A tour of Spain with the wonderful Schola Cantorum of the Cardinal Vaughan Memorial School affords a brief break from news media.
No internet means a break from the abuse scandals and the deliberations of the youth synod. But both are in the back of my mind, inevitably, when travelling with a group of young people.
A kind of hyper-vigilance now feels necessary around children that precludes doing perfectly harmless things which I would once have thought nothing of doing – like bringing a camera on these trips, so magnificent is the architecture and so photogenic the sight of a robed choir against the carved choir stalls of Zamora Cathedral. Now I wouldn’t dream of being seen with a camera in such situations, lest it give rise to misinterpretation.
It is impossible not to contrast the magnificent architecture of the cathedrals of northern Spain, beautifully restored and preserved, with the liturgy which inhabits them, which seems to be minimalist and utterly horizontal in its focus. The absence of silence and the paring to a minimum of ritual gestures reveal the painful truth that, for all its talk of simplification, the reformed liturgy is actually an exercise in prolixity.
So unsuccessful has this reform been, even according to its own lights, that it is now deemed necessary to add elements, such as someone coming on to the sanctuary at the beginning of Mass to explain what the “theme” of today’s Mass is, lest the 40 minutes or so of readings, sermon, bidding prayers and notices in the vernacular are not enough to give you a clue. Similarly the impoverishment of gesture has backfired.
More and more one witnesses the embarrassing spectacle of a congregation of elderly people who have abandoned immemorial customs of their ancestors, like kneeling or genuflecting, only to substitute these for standing with upturned hands outstretched or joined during the Our Father.
Here at Zamora we no longer raise our eyes to the magnificent reredos, with its scenes from salvation history or its panoply of saints and angels thronging the sacrifice. Instead we focus on the president’s plush velvet chair, which now takes pride of place in the centre, opposite the congregation.
If architecture can be described as frozen music, then the architecture of cathedrals may be said to be frozen prayer. Their builders wanted people literally to raise their eyes, to recognise that our worship joins us to the worship of the Church Triumphant and that the supernatural plane is the true horizon where beauty and comfort are to be found.
CS Lewis says that the spiritual appetite, like the bodily, will be served, and people have voted with their feet with regard to the reformed liturgy as we presently have it in most places.
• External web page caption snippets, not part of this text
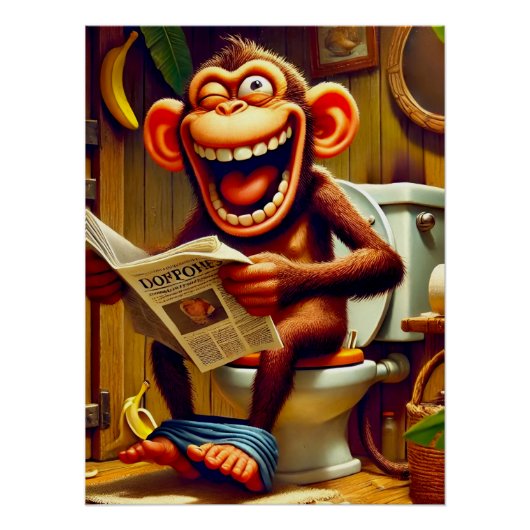 Funny Cartoon Monkey auf der Toilette Poster (Vorderseite)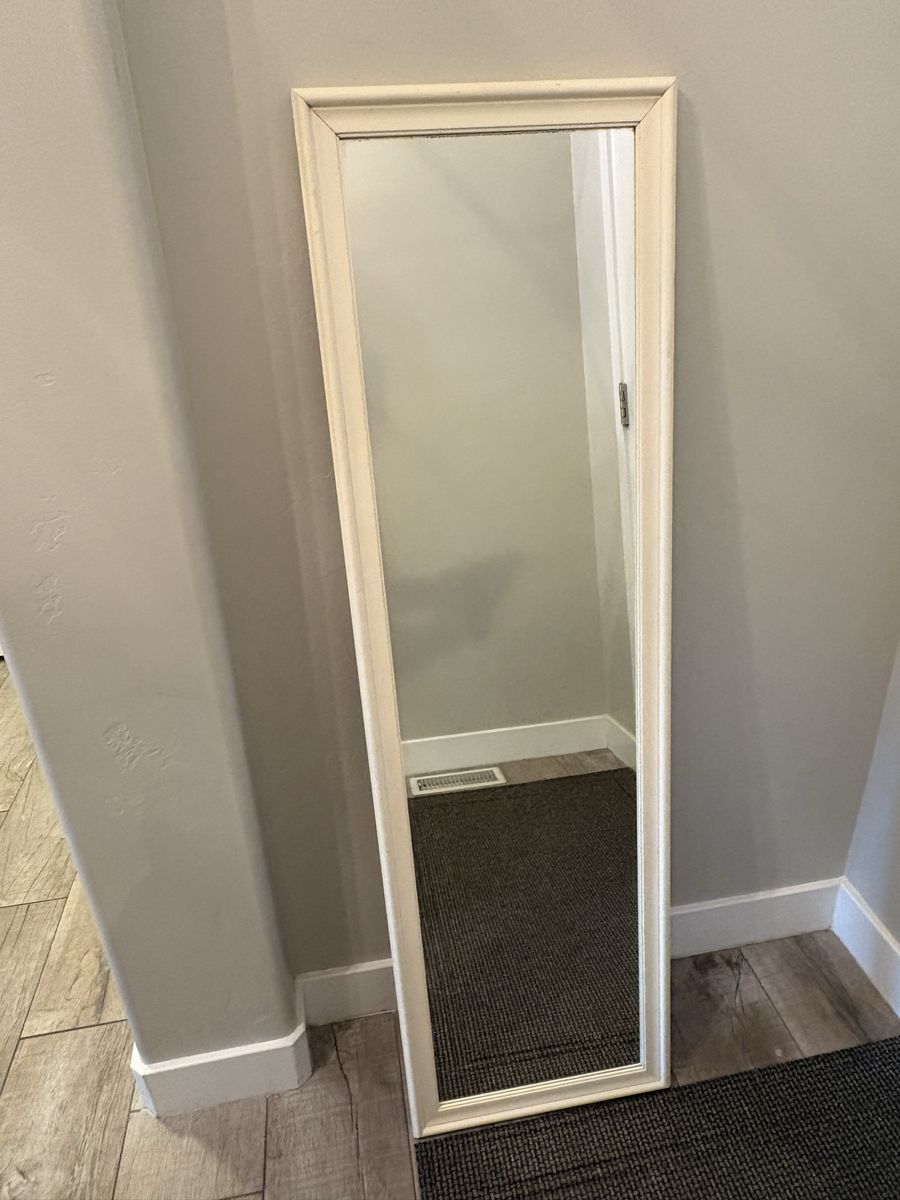 Full-Length Cream-Framed Mirror, 12" x 48"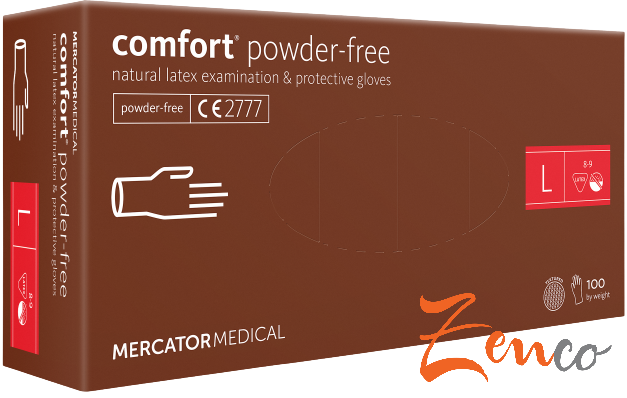 Latexové vyšetřovací rukavice Mercator Comfort Powder-Free 100 ks - Velikost: L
It is no exaggeration to say that I didn’t see a single person under the age of 50 at the two Sunday Masses in different places on our tour. Yet if young people gravitate towards the Extraordinary Form they are characterised as suspect and rigid, even though all they are doing is experiencing something which satisfies a hunger. To characterise them thus is as absurd as saying that if you object to Zamora Cathedral being knocked down and replaced with something simpler you must have psychological issues.
Anyone who has had anything to do with young people knows that the most toe-curling thing they can imagine is people older than them trying to be à la mode. In the liturgical battles which followed the Council the losses have been so catastrophic that it is a wise man who wants to fall back on a tried and tested position. The psychological rigidity which insists that, despite massive casualties, we haven’t advanced nearly far enough seems far more dangerous to me.
The music of the Schola shines another kind of light on these buildings and the liturgy as presently constituted. The elderly congregation are absolutely transported by the beauties of their musical heritage, beautifully sung. But tragically, their reaction is to take out their phones to record it, and when the boys finish singing at the end of Mass the congregation applauds.
It is well meant, but a further example of the impoverishment of the liturgical reform, that we imagine that such beauty is directed towards our entertainment or cultural enrichment. The idea that such beauty might be for God, or indeed of him, seems to be at best a secondary consideration.